Environmental (and Cultural) Benefits

Henry Bakker, Field Sparrow Farms

Feb 24. 2014

Page 2: Environmental (and Cultural) Benefits

Sustainability

sustain: provide with the basic necessities required to support or preserve life livelihood, or existence; maintain or keep (an action or process) going continuously

sustainable: “Ecology” (esp. of development) that conserves an ecological balance by avoiding depletion of natural resources; that may be maintained, esp. at a particular level

- Oxford Canadian Dictionary

Page 3: Environmental (and Cultural) Benefits

Our Common Future

Our Common Future, published in 1987 by the World Commission on Environment and Development (the Brundtland Commission), defined it as development that “seeks to meet the needs and aspirations of the present without compromising the ability to meet those of the future.”

- Oxford Concise Dictionary of Ecology

Page 4: Environmental (and Cultural) Benefits

Photosynthesis = Energy

There are many different types of ecosystem but the foundation of all of them, and therefore the basis for all life on earth, is photosynthesis.

It is the only way that energy is introduced into the system…Within an individual ecosystem photosynthesizers (such as plants, trees and grasses) provide the basic energy input.

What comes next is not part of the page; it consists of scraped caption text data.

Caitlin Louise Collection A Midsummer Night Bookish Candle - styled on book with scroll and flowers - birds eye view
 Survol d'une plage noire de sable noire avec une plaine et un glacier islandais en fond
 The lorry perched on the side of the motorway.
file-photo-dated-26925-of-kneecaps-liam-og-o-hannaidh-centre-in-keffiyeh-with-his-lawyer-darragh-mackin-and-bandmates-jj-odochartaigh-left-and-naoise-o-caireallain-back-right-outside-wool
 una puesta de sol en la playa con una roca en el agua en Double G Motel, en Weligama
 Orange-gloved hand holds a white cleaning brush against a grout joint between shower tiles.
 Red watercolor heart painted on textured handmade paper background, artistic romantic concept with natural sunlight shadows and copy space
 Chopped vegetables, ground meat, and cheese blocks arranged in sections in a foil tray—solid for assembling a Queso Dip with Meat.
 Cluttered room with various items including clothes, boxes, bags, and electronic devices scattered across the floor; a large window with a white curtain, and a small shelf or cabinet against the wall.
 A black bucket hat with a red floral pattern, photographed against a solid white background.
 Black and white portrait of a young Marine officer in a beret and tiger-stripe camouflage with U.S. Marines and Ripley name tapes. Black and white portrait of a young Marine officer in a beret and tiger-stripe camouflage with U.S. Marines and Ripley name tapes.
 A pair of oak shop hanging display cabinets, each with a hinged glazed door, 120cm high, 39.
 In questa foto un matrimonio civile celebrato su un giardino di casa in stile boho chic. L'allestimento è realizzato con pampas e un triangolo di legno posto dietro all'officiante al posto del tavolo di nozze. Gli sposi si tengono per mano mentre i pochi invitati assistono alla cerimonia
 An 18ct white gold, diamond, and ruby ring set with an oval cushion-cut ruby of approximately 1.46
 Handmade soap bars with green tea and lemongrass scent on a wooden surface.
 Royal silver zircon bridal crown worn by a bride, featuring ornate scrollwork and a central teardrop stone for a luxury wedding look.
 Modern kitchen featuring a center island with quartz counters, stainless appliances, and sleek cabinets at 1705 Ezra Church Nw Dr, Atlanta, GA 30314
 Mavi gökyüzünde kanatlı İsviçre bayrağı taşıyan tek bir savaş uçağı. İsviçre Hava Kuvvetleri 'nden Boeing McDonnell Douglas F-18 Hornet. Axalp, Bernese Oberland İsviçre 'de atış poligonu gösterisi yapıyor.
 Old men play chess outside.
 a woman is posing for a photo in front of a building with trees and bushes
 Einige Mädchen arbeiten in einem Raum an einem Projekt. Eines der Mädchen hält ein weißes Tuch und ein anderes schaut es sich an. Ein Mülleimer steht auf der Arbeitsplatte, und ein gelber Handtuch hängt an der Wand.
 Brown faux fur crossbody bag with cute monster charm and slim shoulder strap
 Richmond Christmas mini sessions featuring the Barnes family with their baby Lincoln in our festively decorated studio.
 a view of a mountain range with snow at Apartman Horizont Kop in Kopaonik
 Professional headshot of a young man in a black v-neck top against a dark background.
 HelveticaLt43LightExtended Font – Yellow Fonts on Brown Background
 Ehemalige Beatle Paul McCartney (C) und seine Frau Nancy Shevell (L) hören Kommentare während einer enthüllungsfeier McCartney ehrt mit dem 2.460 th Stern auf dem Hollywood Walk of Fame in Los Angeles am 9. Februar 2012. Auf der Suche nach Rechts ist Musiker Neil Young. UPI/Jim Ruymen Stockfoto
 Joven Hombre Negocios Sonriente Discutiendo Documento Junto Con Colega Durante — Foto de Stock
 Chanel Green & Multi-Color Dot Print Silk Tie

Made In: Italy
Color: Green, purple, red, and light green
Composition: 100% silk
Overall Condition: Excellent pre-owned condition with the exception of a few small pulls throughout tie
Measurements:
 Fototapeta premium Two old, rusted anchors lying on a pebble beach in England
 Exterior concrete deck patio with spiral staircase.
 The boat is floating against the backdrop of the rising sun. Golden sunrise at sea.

Responsible grazing seeks to maximize solar collection through optimal plant management.

Page 5: Environmental (and Cultural) Benefits

The first law of thermodynamics

Energy is conserved, that is to say, indestructible. There is always the same total amount of energy in the universe. It can be neither created, nor destroyed; it just changes form, such as from chemical energy in fuel, to heat. Energy is simply available or unavailable for use.

Page 6: Environmental (and Cultural) Benefits

The second law of thermodynamics

The entropy of the universe tends to a maximum. Entropy is the measure of the degree of disorder in a system. As entropy increases systems evolve from a state of relative order to one of disorder. Entropy can also be thought of as a measure of the amount of unavailable energy in a system.

Page 7: Environmental (and Cultural) Benefits

Recycling

The fact that the earth is a closed system means that nothing can get out. All waste products must go somewhere.

The recycling of the materials necessary for life is an essential function of all ecosystems and the other physical and chemical processes on earth.

Page 8: Environmental (and Cultural) Benefits

Soil

Soil is the product of an ecosystem – it has been created by living plants and animals and it continues to rely on them to remain fertile and productive.

Fertility is built up and maintained as an active process through the interaction of the plant cover, the existing soil, the work of decomposers and other environmental factors such as rainfall and temperature. All of these processes make the various types of soil found in different parts of the globe one of the most complex living systems on earth.

Page 9: Environmental (and Cultural) Benefits

A Fragile Resource

Although soils are created over time this process is, on a human timescale, so slow that the soil is in effect a non-renewable resource. It is also a highly fragile one. Ecosystems develop naturally in a way that protects the soil on which they depend. Once the trees and plants of an ecosystem are destroyed or badly damaged then the underlying soil is very quickly subjected to severe strain and can be easily destroyed or eroded away by wind and rain leaving only a degraded remnant.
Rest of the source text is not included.